Andy Ellis elaborates here on the methods to prioritize security tasks within organizations and thus maintain high security value in the long-term perspective.
As security professionals, we have a lot on our plates, we have a lot of things to do. How many people here juggle? If you try to learn to juggle, you start with one ball. You take one ball and you throw it from one hand to the other hand. And you do that for a while, until you can learn to throw the ball from one hand to another hand. And then you take two balls: put one ball in each hand, and you throw one ball, and before the other ball gets here, you’ve got to throw it across and catch it. And you do this for a while until you learn what that’s like. And then you’ll take three balls; two in one hand, one in the other; throw one ball, get this ball out of the way, get this ball out of the way, get this ball out of the way…Juggling three balls is pretty easy, almost anybody can do it.So, if I give you three things to do, you’re going to be able to juggle those three things. Those three things could be any tasks that you have at hand.
Now, what if I give you five balls to juggle? How easy is that? Is it easier or harder than if I give you seventeen? Which one are you going to be more successful at? The answer that probably jumps into everybody’s head is five, and nobody wants to say it because they know it’s a trick question, because that’s wrong – the answer is seventeen. Because if I give you five things to juggle, you’re now below the security poverty line and you think you can do it, so you will try, and you will fail.
If I give you seventeen, if you’re smart you put fourteen of them down. And now you’re juggling three balls. You failed at fourteen, but you succeeded at three, which is better than you would have gotten with five. And that’s an important lesson: how do we figure out what are the things that we’re going to fail at anyway? Put them off to the future. It’s a very hard thing; our brains don’t want to deal with that, because we know what that risk is.
But if you’re just going to fail, fix something now. Fix something that will give you scalability into the future. 10 years ago I had to do this. Akamai got caught by the dot-com bubble; we laid off 29% of our employees in one day. And that was only one of our reefs; we went through several of them, it was very ugly. We were a 1200 person company; by the time we came out of the bubble we were 500.
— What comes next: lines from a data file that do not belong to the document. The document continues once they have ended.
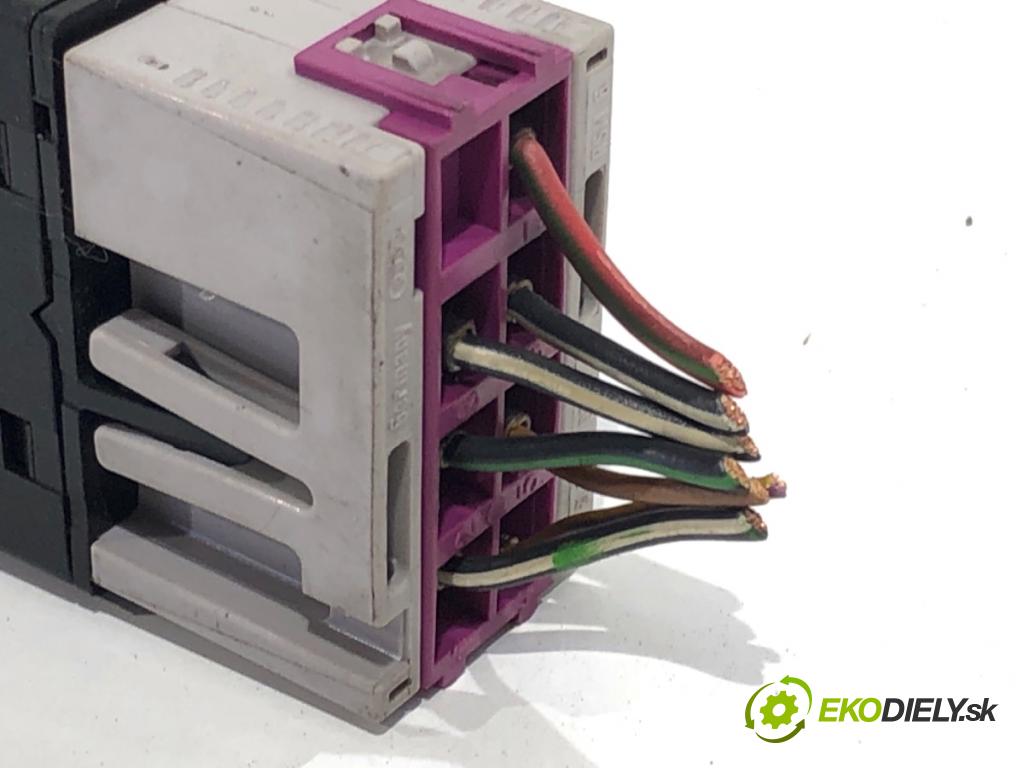 SEAT TOLEDO II sedan 1999 66 kW 1.9 TDI 1896 Spínač svetiel výstražných (núdzových) 1M0941509 (Prepínacie páčky pod volantom)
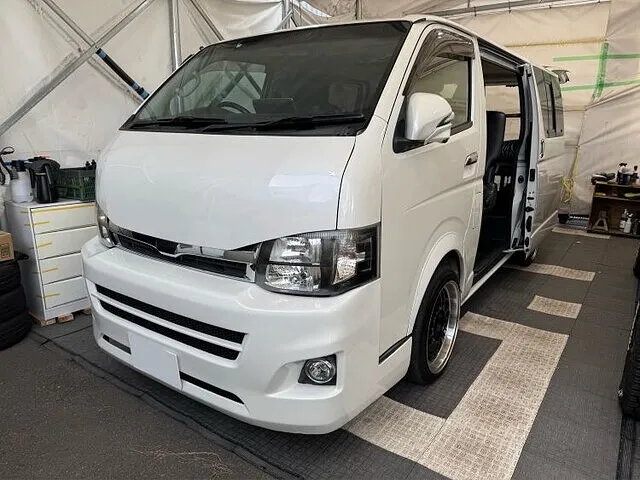 摂津市・ハイエース・ミラー型ドラレコ・サイドデカールステッカー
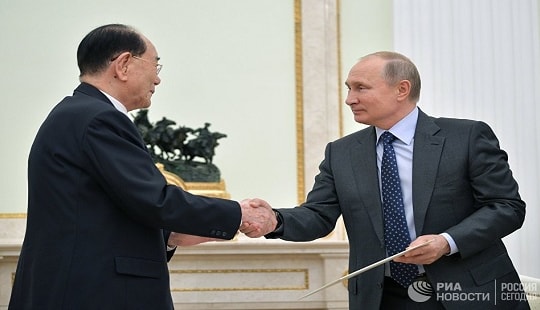Lãnh đạo Kim Jong-un lại gửi lá thư "ngoại cỡ" cho Tổng thống Putin
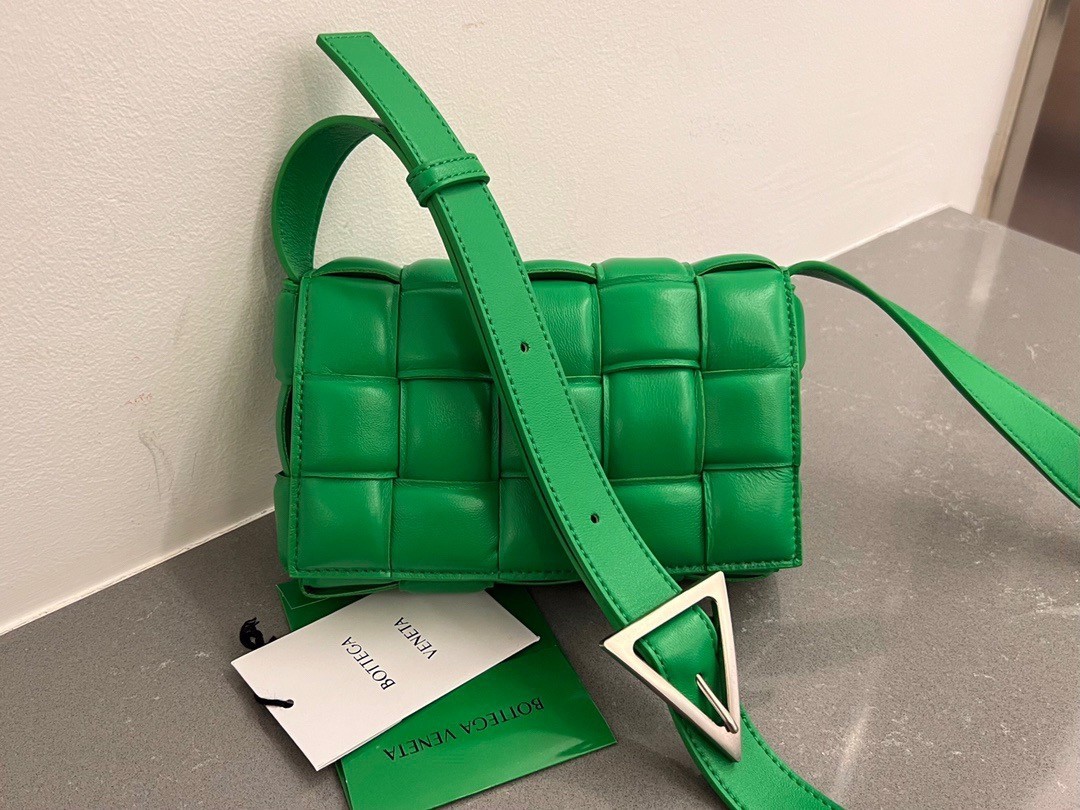 Bottega Veneta Small Padded Cassette Bag In Parakeet Lambskin 574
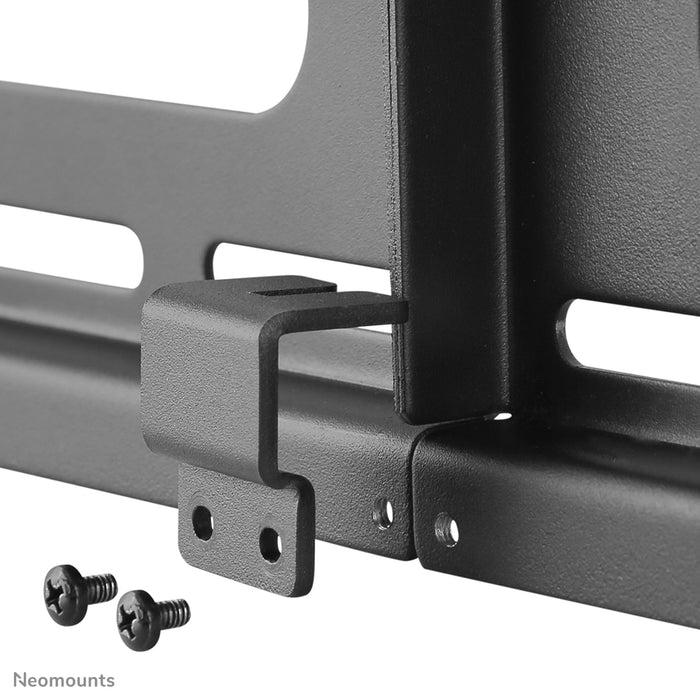 Neomounts NS-WMB200 noir est un support mural pour menu board pour écrans jusqu'à 52 pouces (132 cm).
I lost half of my security team; in fact, that was the first management thing I got to do. I got put in charge of our security team, there were five of us as peers, I got put in charge of it, and the first thing I got told to do is let two of them go. How do you even make a good decision like that? And then what do you do?
So, we went through this period that we called the ‘lifeboat exercise’. The boat sank, now we’re on a lifeboat, and we’re trying to bail water as fast as we can. We’re taking a lot of risk, and we knew it, because we were losing money quarter after quarter, and there was a very good chance we didn’t have a business at the other end of it. So, what could we do? This is what we did: we dropped the balls intentionally. We said: “This problem is for the future.”
We implemented our own GRC system; I always laugh when people come and try to sell me GRC, because I built it myself. It’s simple: GRC is a spreadsheet. Take a spreadsheet and write down everything you’re casting forward to the future so that you don’t forget it and so that in the future you can go look at that and say: “What are the problems that I have to deal with?”So, coming back to how to measure security value – the values about resources, times, capabilities – the goal of any security program should be to increase your value over time. If you are not doing that, you’re doing something wrong. You want to provide more value tomorrow than you’re providing today.
However, if you’re below the security poverty line, you probably only think about value in terms of resources: how do I get more time, how do I get more money? This is not a good goal, because if your capabilities are low, people aren’t going to give you more time or more money. In fact, if they view you as an operational entity, by definition you get fewer resources over time. Operational groups are supposed to get more efficient; therefore they need less resources. That’s in everybody’s heads.If you want to run a good security program, your goal is to create technical surplus: increase your capabilities year after year so that you’re doing more with your resources; figure out how next year with the same amount of resources you will provide more value. I’m not saying: do more with less; even if it sounds like that. I’m actually saying: make yourself more. Make each person smarter year after year. Make each person better able to do their tasks. If your tasks are not effective, stop doing them, go do something else. Do things that provide value to your business; the money will follow.
So, I talked about how a year ago I had eleven people, and we gave five of them to the CIO organization. I’m assuming everybody can do math; that leaves me with six people, right? I have seventeen now, because the organization said: “Well, you’re much more effective, your capabilities are great, here’s more problems for you to go deal with, here are some people to deal with those problems.”
The problems they tended to give came in chunks that you needed three people to solve, and they gave me two people. The organization will never give you enough people to solve your problem; what they were relying on was our proven ability to make those people more effective, to give them better capabilities. They were right, we’re still very busy, I’d love to have more people. But what we focused on is not getting more people, it’s being more capable.